The solutions are simple.
Most of the skills in short supply can be acquired and assessed within days or weeks provided employers and those in their supply chains come together to agree standards and organise co-operation to meet common needs.
But who is organising the necessary skills partnerships: from setting standards, through delivering training and supervising work experience to assessing and accrediting competance?
On 18th June I was asked to introduce discussion on skills issues at the quarterly meeting of the UK Fibre Connectivity Forum after their meeting in the House of Lords (for which they had to whittle 500 applicants down to 200 to make room for the MPs and Peers). The UKFCF brings the supply chain of cable and equipment suppliers and construction companies alongside those building and operating networks to lobby for investment in a full fibre and 5G future. Unlike other groups it is not concerned to protect the past from the future.
My contribution (paraphrased below) followed a presentation on the current state of the Local Full Fibre Network programme. It was, in turn, followed by speakers on the current state of the UK market for investment in full fibre and 5G as part of the critical national infrastructure of the future. In the course of the following discussion I learned that DDCMS and almost all players in this space (large and small) are agreed on the scale of the problem and the urgency of the need for action. But agreement does not mean action will happen. That is up to YOU.
My main points were:
1) The incumbents now trying to rebuild their in-house teams are now training enough to meet their own needs. They are therefore competing with new entrants for an already inadequate pool of experienced and competent contractors.

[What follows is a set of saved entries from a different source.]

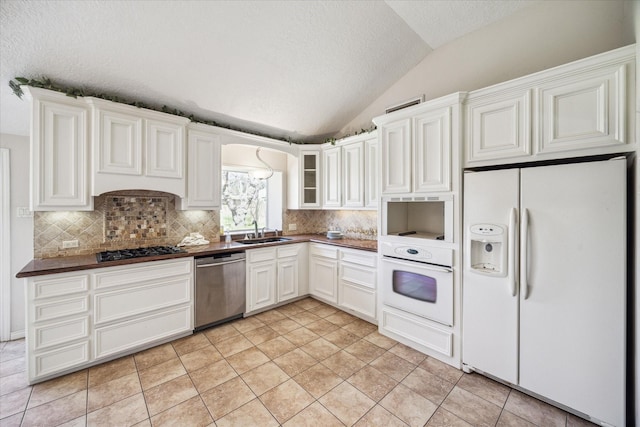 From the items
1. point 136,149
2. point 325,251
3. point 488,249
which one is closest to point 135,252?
point 136,149

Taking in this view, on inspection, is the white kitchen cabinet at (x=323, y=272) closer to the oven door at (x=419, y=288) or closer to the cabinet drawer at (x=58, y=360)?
the oven door at (x=419, y=288)

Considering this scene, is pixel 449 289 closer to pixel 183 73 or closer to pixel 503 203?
pixel 503 203

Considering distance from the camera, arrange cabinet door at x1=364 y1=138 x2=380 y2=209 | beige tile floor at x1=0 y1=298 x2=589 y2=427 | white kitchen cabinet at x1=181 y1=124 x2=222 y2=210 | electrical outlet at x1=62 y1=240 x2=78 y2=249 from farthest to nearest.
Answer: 1. cabinet door at x1=364 y1=138 x2=380 y2=209
2. white kitchen cabinet at x1=181 y1=124 x2=222 y2=210
3. electrical outlet at x1=62 y1=240 x2=78 y2=249
4. beige tile floor at x1=0 y1=298 x2=589 y2=427

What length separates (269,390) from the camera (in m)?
2.01

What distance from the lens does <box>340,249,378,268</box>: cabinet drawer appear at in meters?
3.10

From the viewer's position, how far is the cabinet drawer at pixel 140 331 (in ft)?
7.59

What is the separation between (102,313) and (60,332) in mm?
283

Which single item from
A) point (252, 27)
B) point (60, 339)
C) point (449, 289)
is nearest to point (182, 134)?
point (252, 27)

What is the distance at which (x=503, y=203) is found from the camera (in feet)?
6.64

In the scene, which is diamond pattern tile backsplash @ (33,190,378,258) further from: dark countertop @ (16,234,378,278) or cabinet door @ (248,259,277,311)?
cabinet door @ (248,259,277,311)

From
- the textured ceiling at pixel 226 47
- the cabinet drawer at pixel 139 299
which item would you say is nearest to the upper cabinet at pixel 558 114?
the textured ceiling at pixel 226 47

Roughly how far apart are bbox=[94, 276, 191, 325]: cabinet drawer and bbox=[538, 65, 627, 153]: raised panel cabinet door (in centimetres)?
353

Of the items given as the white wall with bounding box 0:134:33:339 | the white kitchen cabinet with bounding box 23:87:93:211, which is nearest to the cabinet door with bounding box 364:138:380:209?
the white kitchen cabinet with bounding box 23:87:93:211

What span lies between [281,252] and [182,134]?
1.93 meters
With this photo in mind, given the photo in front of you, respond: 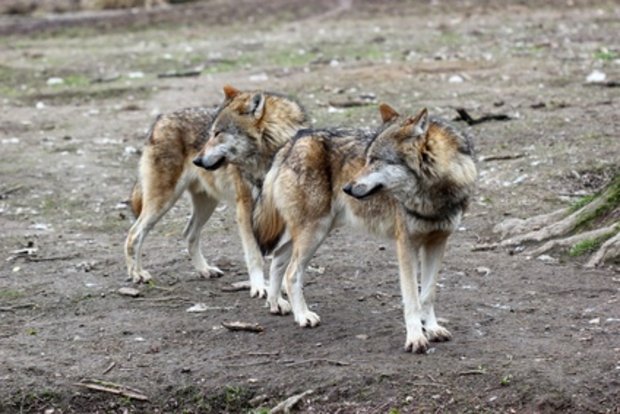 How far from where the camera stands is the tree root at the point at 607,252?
8203mm

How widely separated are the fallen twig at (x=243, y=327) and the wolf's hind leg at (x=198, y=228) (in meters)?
1.47

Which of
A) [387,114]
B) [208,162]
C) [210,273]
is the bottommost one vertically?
[210,273]

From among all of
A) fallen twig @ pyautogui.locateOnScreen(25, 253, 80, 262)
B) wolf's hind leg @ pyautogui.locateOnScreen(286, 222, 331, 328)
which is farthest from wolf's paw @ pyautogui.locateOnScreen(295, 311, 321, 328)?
fallen twig @ pyautogui.locateOnScreen(25, 253, 80, 262)

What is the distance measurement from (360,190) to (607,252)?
7.96ft

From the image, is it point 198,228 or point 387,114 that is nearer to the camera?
point 387,114

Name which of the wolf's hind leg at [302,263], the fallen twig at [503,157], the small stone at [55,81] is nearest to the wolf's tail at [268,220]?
the wolf's hind leg at [302,263]

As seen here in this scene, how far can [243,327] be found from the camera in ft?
24.8

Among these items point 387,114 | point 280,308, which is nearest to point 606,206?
point 387,114

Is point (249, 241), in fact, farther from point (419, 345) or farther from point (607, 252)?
point (607, 252)

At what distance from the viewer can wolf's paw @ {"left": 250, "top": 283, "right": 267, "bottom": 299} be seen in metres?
8.39

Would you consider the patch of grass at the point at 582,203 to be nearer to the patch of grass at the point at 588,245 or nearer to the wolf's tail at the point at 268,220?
the patch of grass at the point at 588,245

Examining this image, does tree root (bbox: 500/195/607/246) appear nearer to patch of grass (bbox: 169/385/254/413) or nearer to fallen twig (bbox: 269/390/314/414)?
fallen twig (bbox: 269/390/314/414)

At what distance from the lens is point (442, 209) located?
6.88 meters

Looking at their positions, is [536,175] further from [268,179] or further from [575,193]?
[268,179] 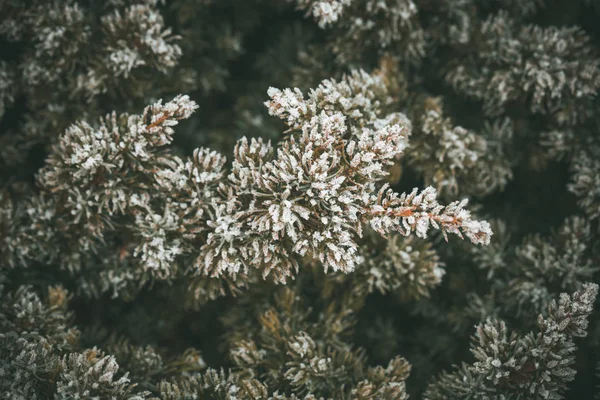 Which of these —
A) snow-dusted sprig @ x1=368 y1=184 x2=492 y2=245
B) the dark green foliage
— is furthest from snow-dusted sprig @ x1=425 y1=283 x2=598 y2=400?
snow-dusted sprig @ x1=368 y1=184 x2=492 y2=245

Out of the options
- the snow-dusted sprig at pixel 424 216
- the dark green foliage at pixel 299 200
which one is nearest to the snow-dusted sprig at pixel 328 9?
the dark green foliage at pixel 299 200

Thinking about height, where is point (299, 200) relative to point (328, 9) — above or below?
below

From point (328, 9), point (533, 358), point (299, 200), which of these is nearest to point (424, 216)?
point (299, 200)

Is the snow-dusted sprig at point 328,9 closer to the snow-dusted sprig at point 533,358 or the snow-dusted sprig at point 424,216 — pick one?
the snow-dusted sprig at point 424,216

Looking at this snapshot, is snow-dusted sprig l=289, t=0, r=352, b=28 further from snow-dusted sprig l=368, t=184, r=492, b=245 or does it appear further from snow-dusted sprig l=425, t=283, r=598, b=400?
snow-dusted sprig l=425, t=283, r=598, b=400

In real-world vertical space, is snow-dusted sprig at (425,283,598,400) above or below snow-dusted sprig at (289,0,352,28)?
below

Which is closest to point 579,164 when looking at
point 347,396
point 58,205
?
point 347,396

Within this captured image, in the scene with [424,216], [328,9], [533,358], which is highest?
[328,9]

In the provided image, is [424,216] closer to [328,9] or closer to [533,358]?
[533,358] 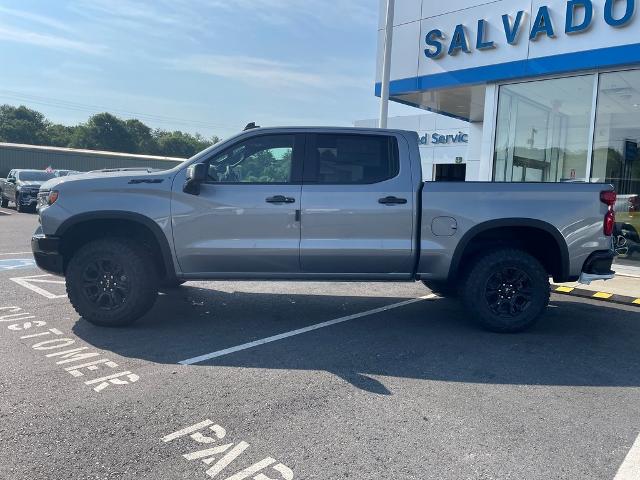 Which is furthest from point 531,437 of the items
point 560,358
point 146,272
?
point 146,272

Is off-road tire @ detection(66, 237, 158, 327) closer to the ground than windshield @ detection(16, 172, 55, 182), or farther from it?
closer to the ground

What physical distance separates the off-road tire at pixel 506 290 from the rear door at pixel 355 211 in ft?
2.35

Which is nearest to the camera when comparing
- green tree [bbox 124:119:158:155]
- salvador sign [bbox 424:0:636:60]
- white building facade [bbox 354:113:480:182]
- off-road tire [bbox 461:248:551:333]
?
off-road tire [bbox 461:248:551:333]

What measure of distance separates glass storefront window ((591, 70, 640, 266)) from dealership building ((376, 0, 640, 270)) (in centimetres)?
2

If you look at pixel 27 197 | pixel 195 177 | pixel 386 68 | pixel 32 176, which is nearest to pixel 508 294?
pixel 195 177

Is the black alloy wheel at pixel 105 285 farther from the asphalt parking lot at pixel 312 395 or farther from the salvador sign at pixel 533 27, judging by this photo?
the salvador sign at pixel 533 27

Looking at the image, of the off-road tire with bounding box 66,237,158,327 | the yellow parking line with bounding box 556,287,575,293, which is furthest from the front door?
the yellow parking line with bounding box 556,287,575,293

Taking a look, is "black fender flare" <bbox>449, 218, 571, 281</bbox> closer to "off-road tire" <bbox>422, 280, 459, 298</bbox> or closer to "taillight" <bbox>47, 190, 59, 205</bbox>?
Answer: "off-road tire" <bbox>422, 280, 459, 298</bbox>

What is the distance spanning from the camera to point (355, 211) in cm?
526

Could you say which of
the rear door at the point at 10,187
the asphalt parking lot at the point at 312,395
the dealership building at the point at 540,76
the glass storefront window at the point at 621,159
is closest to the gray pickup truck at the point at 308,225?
the asphalt parking lot at the point at 312,395

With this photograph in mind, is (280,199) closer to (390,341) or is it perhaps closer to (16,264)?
(390,341)

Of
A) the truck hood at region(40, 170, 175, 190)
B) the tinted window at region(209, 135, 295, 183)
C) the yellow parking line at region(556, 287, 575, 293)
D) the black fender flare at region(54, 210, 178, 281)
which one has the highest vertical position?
the tinted window at region(209, 135, 295, 183)

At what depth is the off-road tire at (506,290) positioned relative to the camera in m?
5.40

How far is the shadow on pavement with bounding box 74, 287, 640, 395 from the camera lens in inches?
173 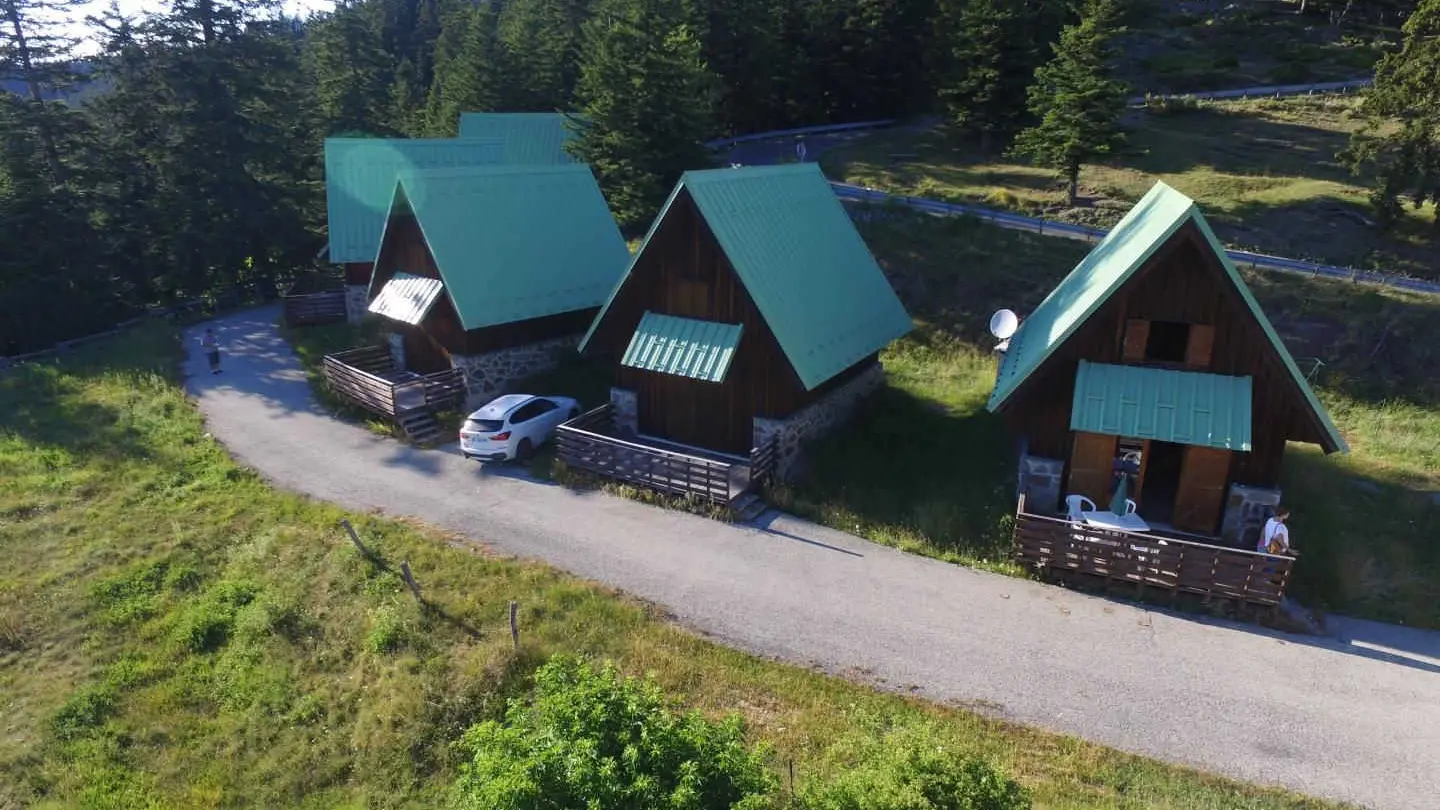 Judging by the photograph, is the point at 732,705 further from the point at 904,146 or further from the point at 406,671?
the point at 904,146

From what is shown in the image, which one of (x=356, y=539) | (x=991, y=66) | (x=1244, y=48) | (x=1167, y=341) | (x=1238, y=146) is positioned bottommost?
(x=356, y=539)

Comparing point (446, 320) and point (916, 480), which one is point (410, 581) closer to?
point (446, 320)

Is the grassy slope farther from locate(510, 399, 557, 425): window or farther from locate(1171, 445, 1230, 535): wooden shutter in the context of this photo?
locate(510, 399, 557, 425): window

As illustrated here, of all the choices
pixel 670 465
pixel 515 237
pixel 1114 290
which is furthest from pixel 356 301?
pixel 1114 290

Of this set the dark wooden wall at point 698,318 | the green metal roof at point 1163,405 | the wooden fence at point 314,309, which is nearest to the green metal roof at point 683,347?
the dark wooden wall at point 698,318

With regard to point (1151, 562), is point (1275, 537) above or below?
above

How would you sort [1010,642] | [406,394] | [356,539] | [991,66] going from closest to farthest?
[1010,642] < [356,539] < [406,394] < [991,66]

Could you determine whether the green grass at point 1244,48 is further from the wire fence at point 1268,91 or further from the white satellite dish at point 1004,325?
the white satellite dish at point 1004,325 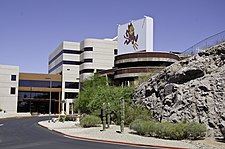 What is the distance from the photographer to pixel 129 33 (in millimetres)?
80438

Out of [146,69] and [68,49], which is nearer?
[146,69]

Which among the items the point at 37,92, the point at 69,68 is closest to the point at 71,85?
the point at 69,68

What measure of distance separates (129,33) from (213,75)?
54.0 meters

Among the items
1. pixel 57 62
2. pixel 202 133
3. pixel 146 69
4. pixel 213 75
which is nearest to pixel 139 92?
pixel 213 75

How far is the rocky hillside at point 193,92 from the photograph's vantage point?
2500 centimetres

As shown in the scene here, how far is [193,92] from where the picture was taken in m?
27.4

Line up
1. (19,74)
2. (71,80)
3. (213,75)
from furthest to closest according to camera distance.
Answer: (71,80), (19,74), (213,75)

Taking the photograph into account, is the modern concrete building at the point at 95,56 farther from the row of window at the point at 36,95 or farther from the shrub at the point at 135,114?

The success of City Fibre (now co-owned by the infrastructure arm of JP Morgan), Gigaclear (now 80% owned by the infrastructure arm of the Prudential with the other 20% held by British Rail) and Hyperoptic (backed by George Soros) means there is no shortage of expansion capital (debt or equity) for those who have shown they can run a viable business serving a thousand of so customers. There are more funds chasing investment opportunities than there are local authorities with the joined up policies and processes for access and wayleaves, building regulations and planning permission necessary to create those opportunities.
Add in the investment plans of BT, Arqiva, Gamma, O2, Virgin, Vodaphone, WIG, Zayo and others, let alone those of the property companies who are looking to build their own infrastructures to enable multi-operator access (the VX model) and we face a massive short terms skills problem. But it is not a bubble. It is the foothills of a ten year boom to create the ubiquitous critical infrastructure utility connectivity of the smart society.
2) The pace of change has outstripped the ability of current UK public sector funding, accreditation, regulation and delivery structures to respond.
In my recent blog, on the Education Select Committee enquiry into the challenges of the Fourth Industrial Revolution, I referred to the accelerating pace of change “no current curriculum can prepare young people for the future. Education has to focus on basic disciplines and the willingness and ability to learn new content and skills as and when needed.”
But there is good news:
The growing use of on-line packaged materials, not just for content delivery and practice but for course planning and performance assessment has transformed industries’ ability to identify raw talent and turn it into competent, revenue earning technicians or professionals within weeks or months, not years.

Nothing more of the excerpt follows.